Yan kemudian menggunakan perampokan bank sebagai analogi dan bertanya kepada Shoshan apakah petugas polisi harus membunuh para sandera untuk menangkap para penjahat.
Dalam percakapan tersebut, Shoshan mengklaim bahwa Israel melakukan “semua yang kami bisa, bukan untuk menyakiti warga sipil”.
Yan membalas, menyebut Israel membunuh “lebih dari 70.000 warga sipil”.
“Fakta itu tidak diputuskan oleh Anda… faktanya diputuskan oleh komunitas internasional. Bukan diputuskan oleh pemerintah Anda. Pemerintah Anda tidak memiliki legitimasi [atau] hak untuk memutuskan atau membela apa yang merupakan fakta,” ujar Yan.
Dewan Hak Asasi Manusia PBB pekan ini menyimpulkan bahwa Israel melakukan genosida di Gaza, mengeluarkan laporan yang menyerukan kepada komunitas internasional untuk mengakhirinya dan mengambil langkah-langkah untuk menghukum mereka yang bertanggung jawab atasnya.
Terlepas dari temuan tersebut, militer Israel terus meningkatkan serangan daratnya di Kota Gaza, memaksa lebih dari seperempat juta warga Palestina mengungsi dari wilayah tersebut.
Komunitas internasional dan organisasi global telah mendesak militer Israel untuk membatalkan rencananya merebut kota tersebut, memperingatkan bahwa serangan semacam itu dapat semakin memperburuk krisis kemanusiaan yang sudah mengerikan.
Yan menyarankan agar Israel pergi ke PBB dan menyetujui solusi dua negara untuk mendirikan negara Palestina.
“Setelah Anda memiliki dua negara, Anda dapat bekerja sama dengan Palestina untuk melawan teroris. Jika Anda tidak bekerja sama dengan Palestina, Anda tidak akan pernah bisa memenangkan perang melawan teroris,” kata cendekiawan tersebut.

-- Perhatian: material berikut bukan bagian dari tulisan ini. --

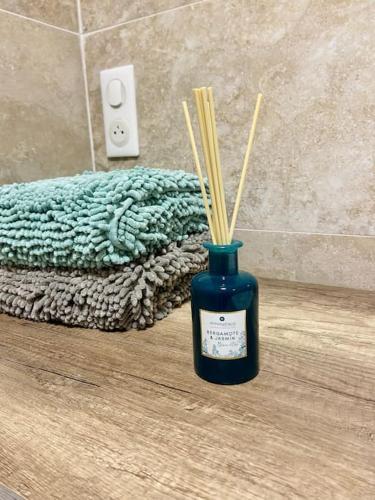 - un pot bleu avec des bâtons de bambou à côté d'une salle de bains dans l'établissement Grands studio en bord de mer, à Cagnes-sur-Mer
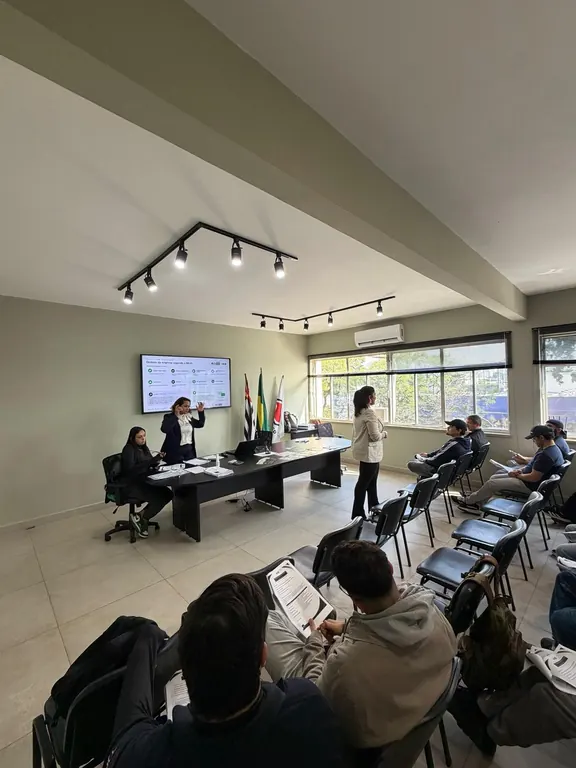 Treinamento em sala com projeção na tela e alunos com o material em mãos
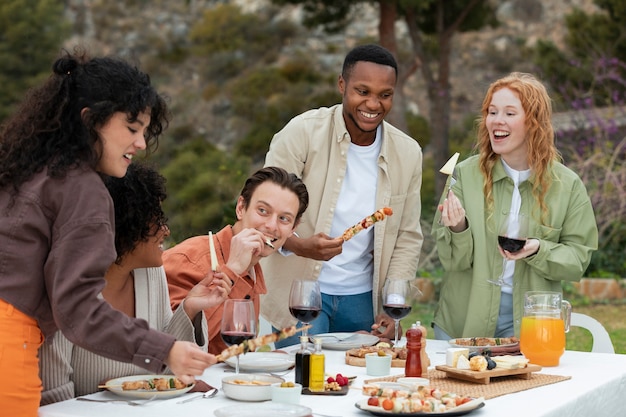 Vrienden die barbecue en kaas eten tijdens een buitenfeest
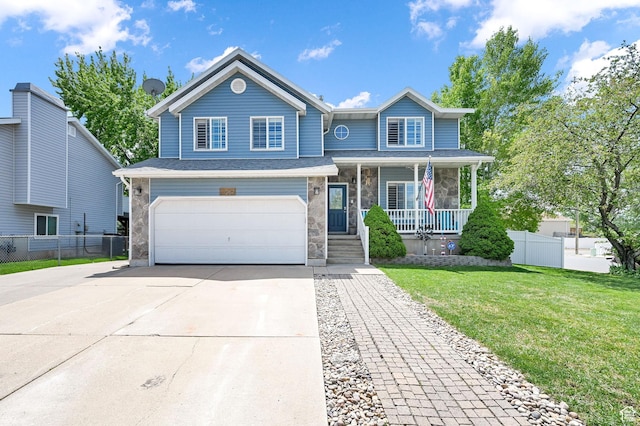 view of front of house featuring covered porch, driveway, a front yard, fence, and an attached garage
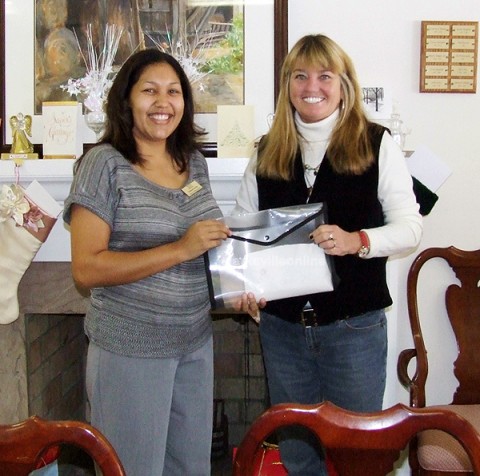 Terrie Williams, (r) Executive Director of Crisis 211, accepts a bag of money totaling over $750.00 from Yasmine Carrion,  Community Relations Specialist for Daymar Institute. (Photo by Art Conn)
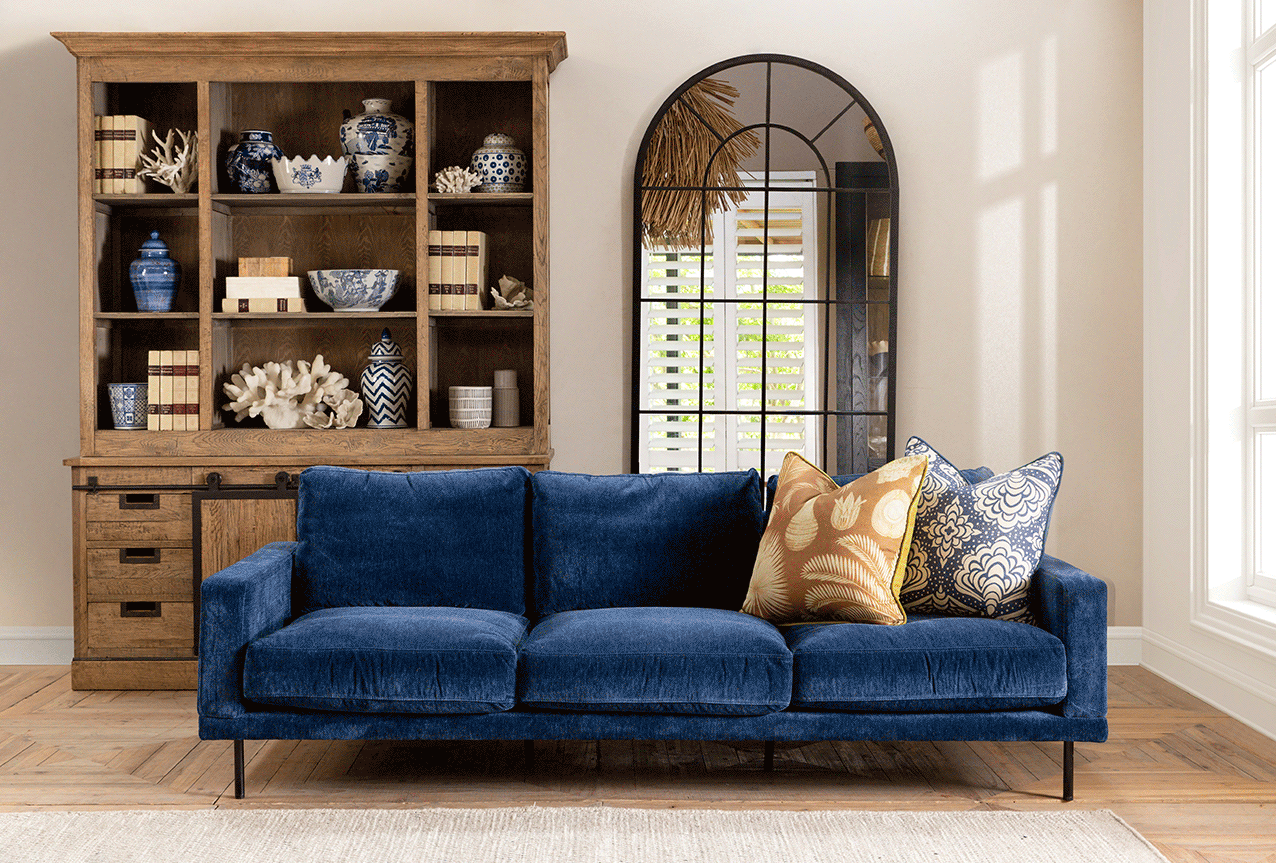 Minimalist Sofa in red, blue or grey velvet upholstery with Industrial-style cabinet and arched mirror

Shoshan membantah tuduhan tersebut, menambahkan bahwa perang akan berakhir ketika Hamas membebaskan sandera Israel dan menyerahkan senjatanya. Yan menanggapi dengan mengatakan bahwa “propaganda” semacam itu telah “terlalu banyak” dan “tidak ada yang mempercayainya, kecuali beberapa orang Israel”.
Serangan Israel selama dua tahun di Gaza telah menewaskan lebih dari 65.200 warga Palestina, menurut otoritas kesehatan di Jalur Gaza.
Pekan lalu, Majelis Umum PBB memberikan suara mayoritas untuk mendukung solusi dua negara untuk konflik Israel-Palestina dan mendesak Israel untuk berkomitmen pada negara Palestina.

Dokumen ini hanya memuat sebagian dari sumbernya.